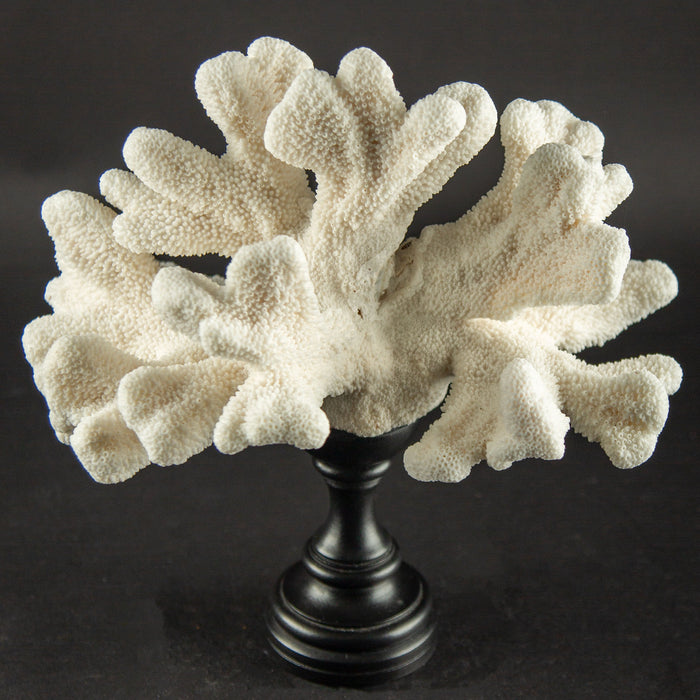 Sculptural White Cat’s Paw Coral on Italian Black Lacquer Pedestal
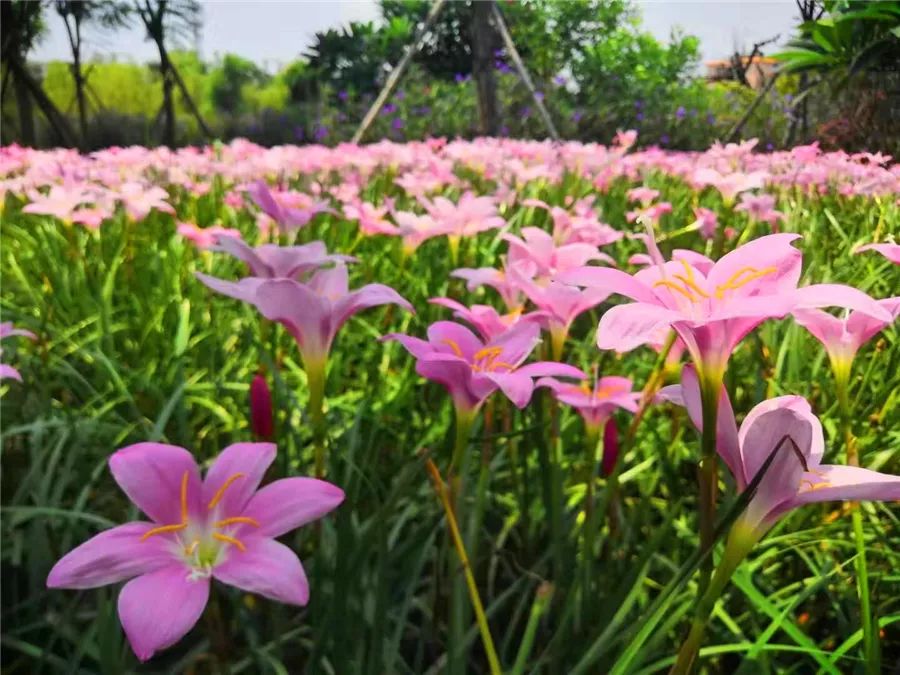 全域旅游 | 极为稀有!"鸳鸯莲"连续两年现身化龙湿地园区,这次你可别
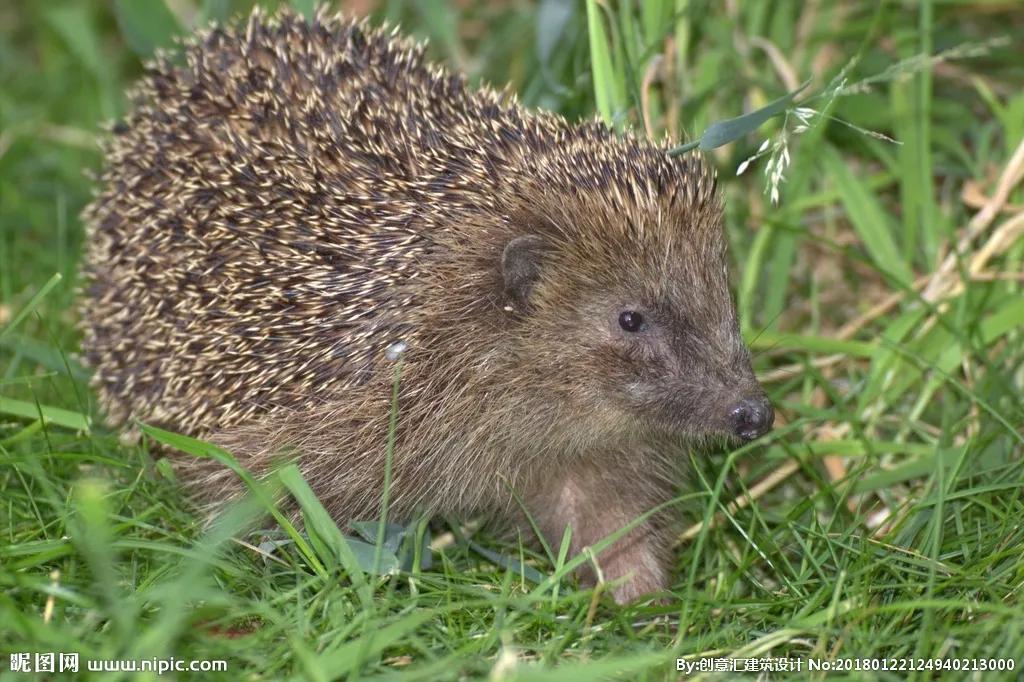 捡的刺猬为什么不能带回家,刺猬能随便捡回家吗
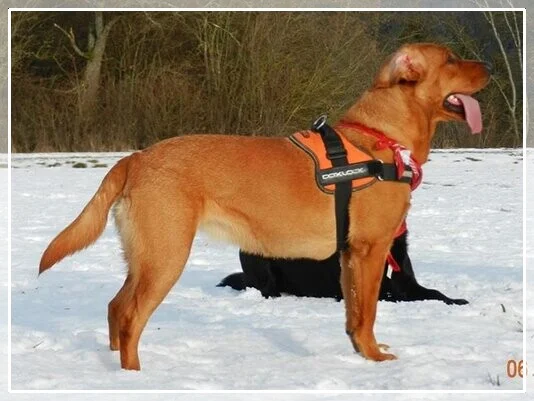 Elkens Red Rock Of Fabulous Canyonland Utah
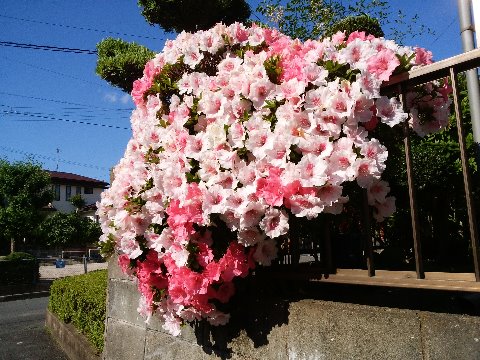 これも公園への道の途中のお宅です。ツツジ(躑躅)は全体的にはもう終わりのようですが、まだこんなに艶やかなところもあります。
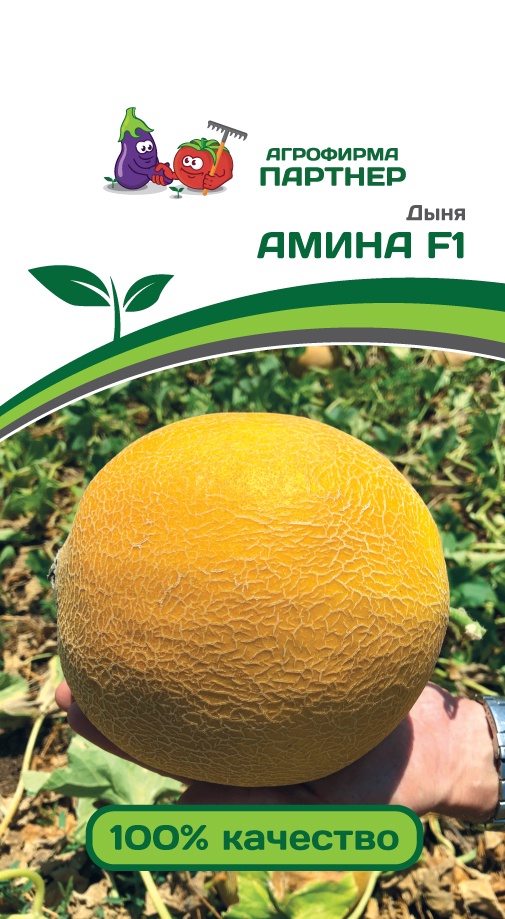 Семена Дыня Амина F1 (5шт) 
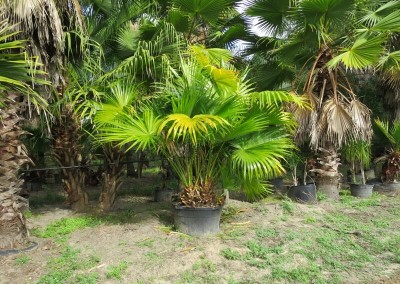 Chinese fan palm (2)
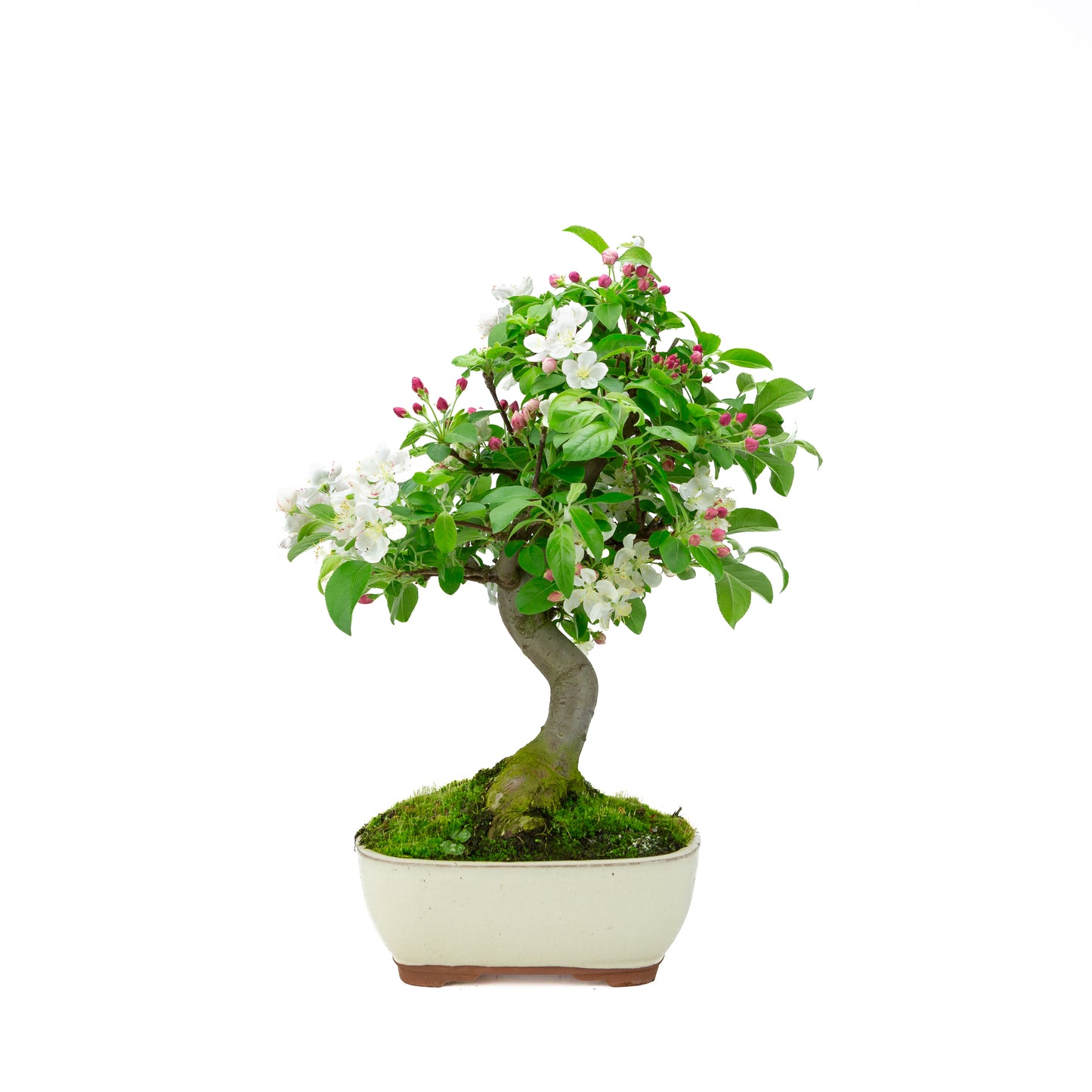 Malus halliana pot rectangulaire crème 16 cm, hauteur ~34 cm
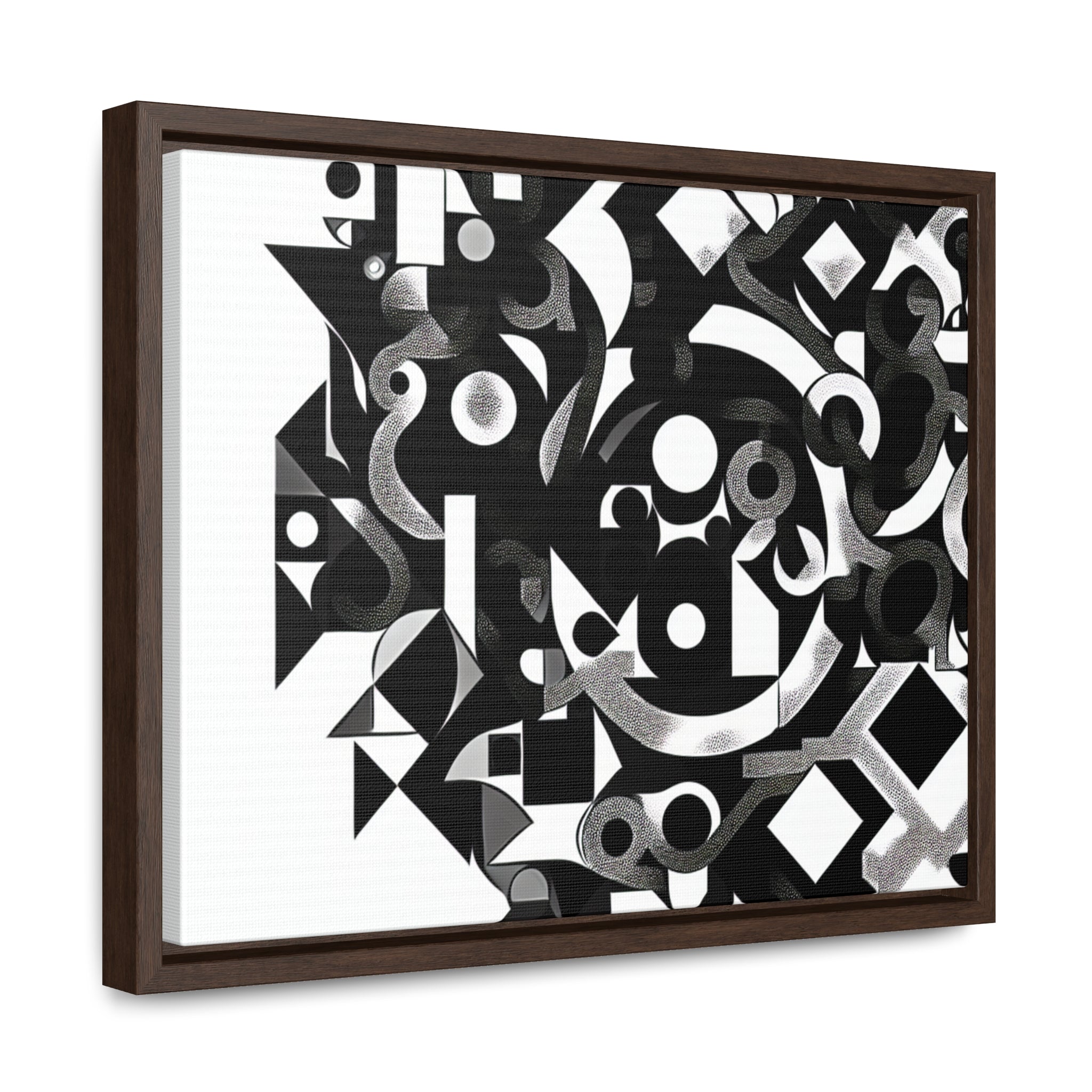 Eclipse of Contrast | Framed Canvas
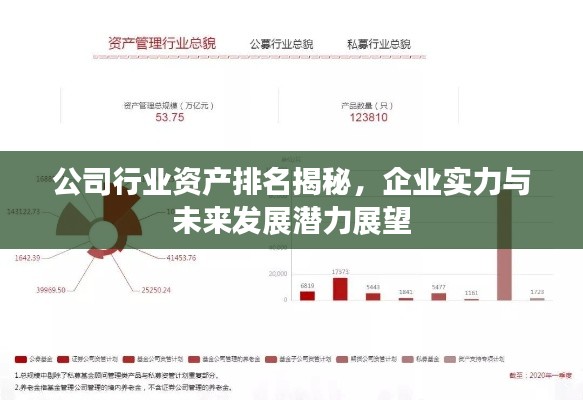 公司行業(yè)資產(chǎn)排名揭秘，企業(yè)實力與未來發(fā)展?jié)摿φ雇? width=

**REQUIRED WORK:** What you return must match, line for line, the span from the line containing "捡的刺猬为什么不能带回家,刺猬能随便捡回家吗" through the last line of the listing above, with every picture omitted.

**EXERCISE OUTPUT:**
 捡的刺猬为什么不能带回家,刺猬能随便捡回家吗
 Elkens Red Rock Of Fabulous Canyonland Utah
 これも公園への道の途中のお宅です。ツツジ(躑躅)は全体的にはもう終わりのようですが、まだこんなに艶やかなところもあります。
 Семена Дыня Амина F1 (5шт) 
 Chinese fan palm (2)
 Malus halliana pot rectangulaire crème 16 cm, hauteur ~34 cm
 Eclipse of Contrast | Framed Canvas
 公司行業(yè)資產(chǎn)排名揭秘，企業(yè)實力與未來發(fā)展?jié)摿φ雇? width=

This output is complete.